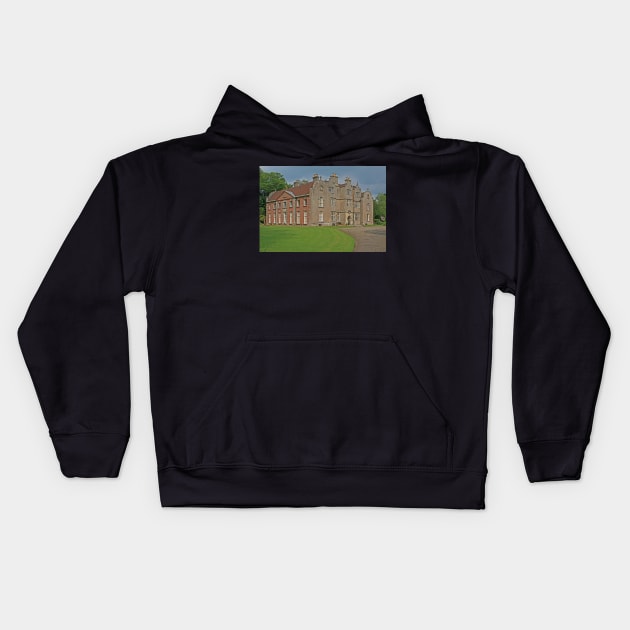 Double Frontage Kids Hoodie by RedHillDigital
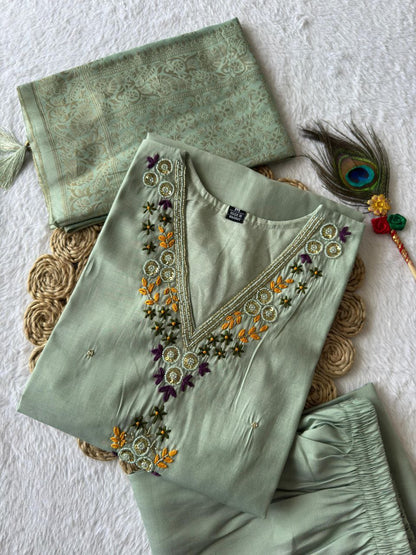 Designers Kurti Pent Dupatta Set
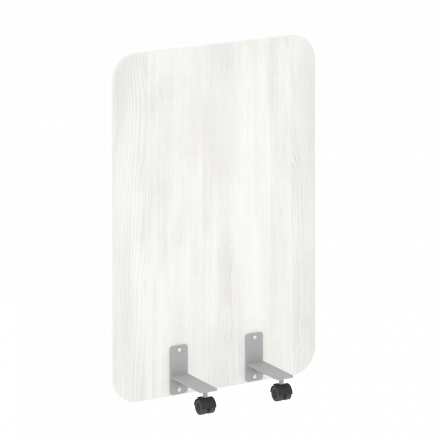 R-line Перегородка на металлических опорах, на роликах DP.R-80-120 Снежная патина/Серый металл 800*18*1200 R-line Перегородка на металлических опорах, на роликах DP.R-80-120 Снежная патина/Серый металл 800*18*1200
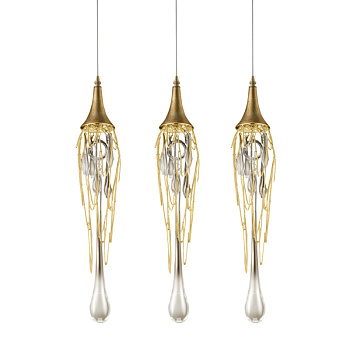 Подвесной светильник Delight Collection Goddess Tears P68009L-3 gold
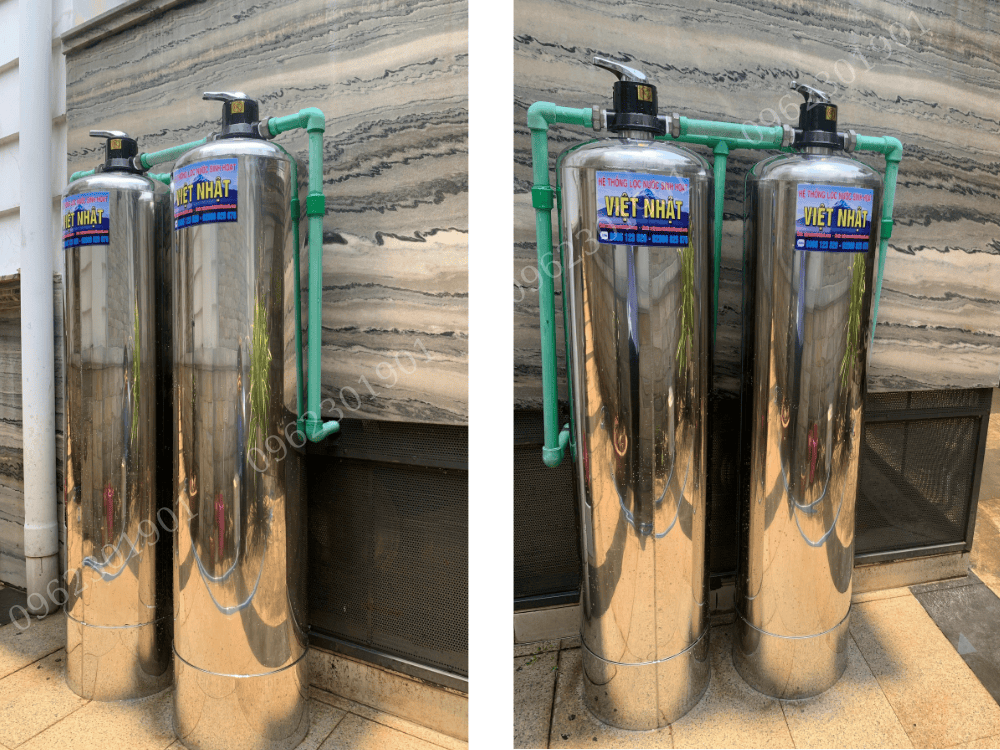 Bình lọc nước tổng sinh hoạt 2 bình inox 304 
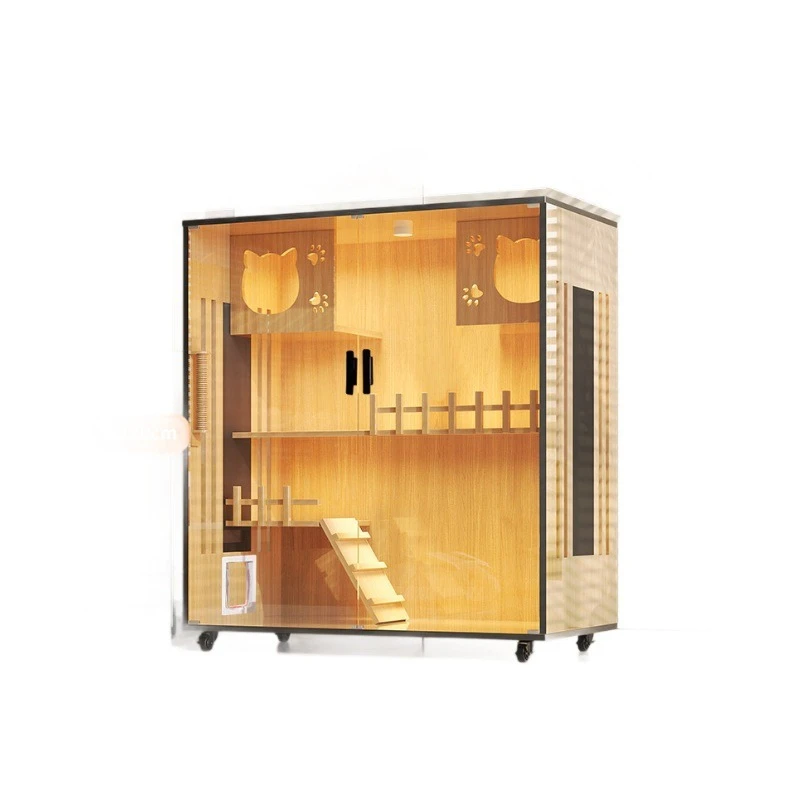 

Cat villa wooden large space multi-layer cage environmental protection
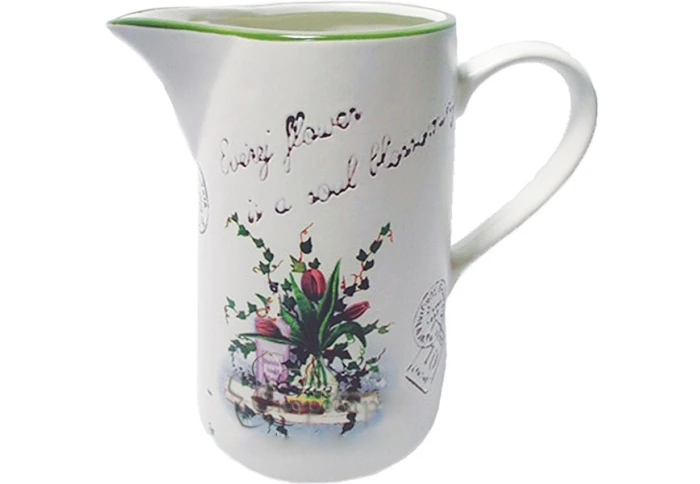 Кувшин керамический Полевые цветы Maestro MR-20065-55 (1 л)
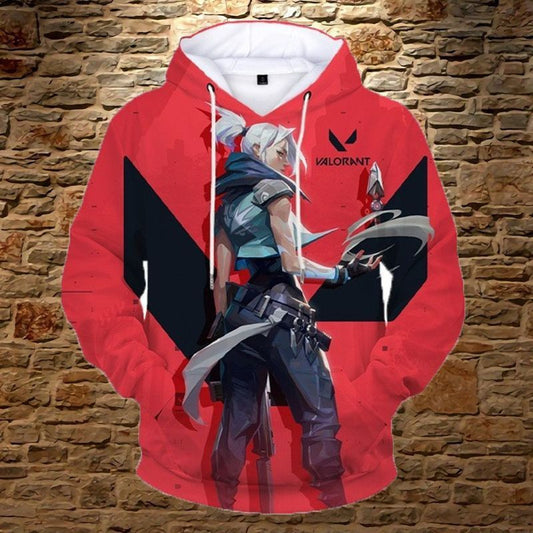 New Men's And Women's Valorant Over Print 3d Hoodie Zip Hoodie Moonbestprint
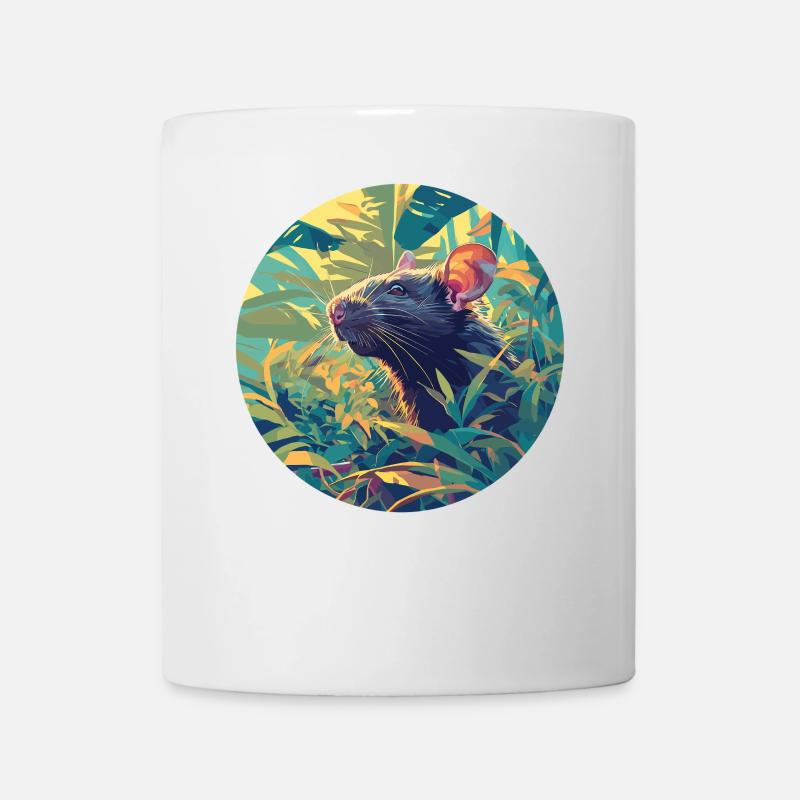 Ratten Ratte - Tasse - Weiß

> About this task
Your task is to copy exactly the lines from the line containing "металл 800*18*1200 R-line" through the final line of the listing above and to omit every picture.

> Response to the task
 R-line Перегородка на металлических опорах, на роликах DP.R-80-120 Снежная патина/Серый металл 800*18*1200 R-line Перегородка на металлических опорах, на роликах DP.R-80-120 Снежная патина/Серый металл 800*18*1200
 Подвесной светильник Delight Collection Goddess Tears P68009L-3 gold
 Bình lọc nước tổng sinh hoạt 2 bình inox 304 

Cat villa wooden large space multi-layer cage environmental protection
 Кувшин керамический Полевые цветы Maestro MR-20065-55 (1 л)
 New Men's And Women's Valorant Over Print 3d Hoodie Zip Hoodie Moonbestprint
 Ratten Ratte - Tasse - Weiß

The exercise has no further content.